Comment rend-on humain quelqu’un de si extravagant?

«Je voyais deux grands défis. Pour commencer, Frank est psychologiquement différent de la plupart des gens. Il pense et réagit avec une logique qui lui est tout à fait propre. Ce n’était pas simple à déchiffrer. Du fait qu’il est ainsi, il se comporte parfois de façon très crue et insensible, et vous ne voulez pas bâtir un film autour d’une personne que les gens trouvent repoussante et méchante. Nous devions passer par lui sans pour autant trahir son caractère. Le film n’excuse certainement pas tout ce qu’il a fait.»

Selon le film, Frank veut absolument faire ses preuves en raison de sa petite taille. Est-ce vraiment le cas? En avez-vous parlé avec lui?

«Non, mais c’est aussi typiquement Frank. Il est très ouvert pour partager toutes les histoires folles de l’époque. Mais dès que vous abordez le côté plus personnel et posez des questions sur sa relation avec ses parents ou ce complexe de Napoléon, vous n’obtenez pas de réponse. Il se met alors à parler d’autre chose.»

Vous y croyez, vous, à ce complexe de Napoléon?

«Je fais un mètre 65 et je n’ai jamais eu de problème avec ça. Mais pour Frank, c’était différent apparemment. On l’appelait toujours ‘De Kleine van Meise’ (‘Le Petit de Meise’) alors qu’il avait de très grands rêves et ambitions. Il se sentait limité par toutes les règles et restrictions. Il est incontestable aussi qu’il a un immense QI et donc d’énormes capacités. C’est hallucinant comme il était en avance sur son temps avec les ordinateurs. Il l’est sans doute toujours.»

EN QUELQUES LIGNES

À la fin des années 1990, Frank Verstraeten était célèbre. Ou tristement célèbre. C’est selon. Ses premiers sous, il les amassa avec une petite entreprise d’informatique innovante, sa vraie notoriété suivit avec la création de sa discothèque hors normes, le Zillion. Ce club branché devenu mythique pour ses excès, sexe, drogue et gros beats, disparut tout aussi vite. Mais durant quatre années les gens affluèrent de partout à Anvers pour vivre le phénomène.
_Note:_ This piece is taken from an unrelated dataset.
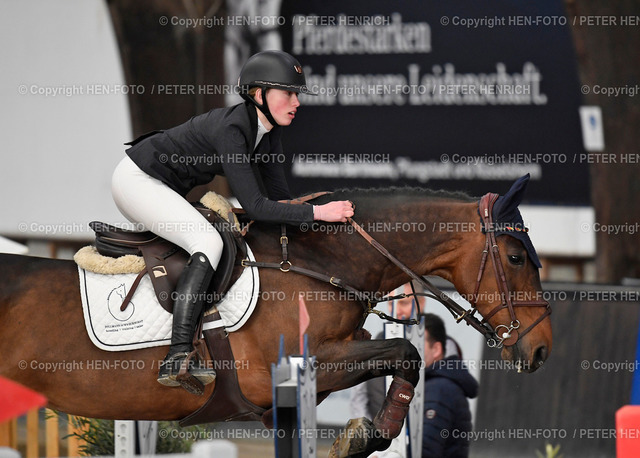 Reitsport in Kranichstein Stilspringprüfung Klasse M** © HEN-FOTO | Reitsport in Kranichstein Stilspringprüfung Klasse M** Siegerin Eva Kunkel auf Spartakiade vom RFV Ronneburger Hügelland beim Finale II zum Förderpreis der Dieter-Hofmann-Stiftung am 26.02.2022 (Hessen) - final II horse jumping of Dieter-Hofmann-Foundation sponsorship award in kranichstein hessen gerrmany 2022-02-26 copyright by Peter Henrich HEN-FOTO - Realized with Pictrs.com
Dans ‘Zillion’, Robin Pront nous présente cela comme une histoire de gueux explosive, avec Verstraeten en Robin des Bois cinglé à l’ego inversement proportionnel à sa taille. Comparez-le à un ‘Loup de Wall Street’, un portrait aussi délirant d’hédonisme pur, plein de personnages que vous trouvez imbuvables au fond, mais dont vous ne parvenez pas à détourner les yeux. Mais le film a aussi un côté très belge, avec ses petits indépendants très créatifs pour frauder le fisc.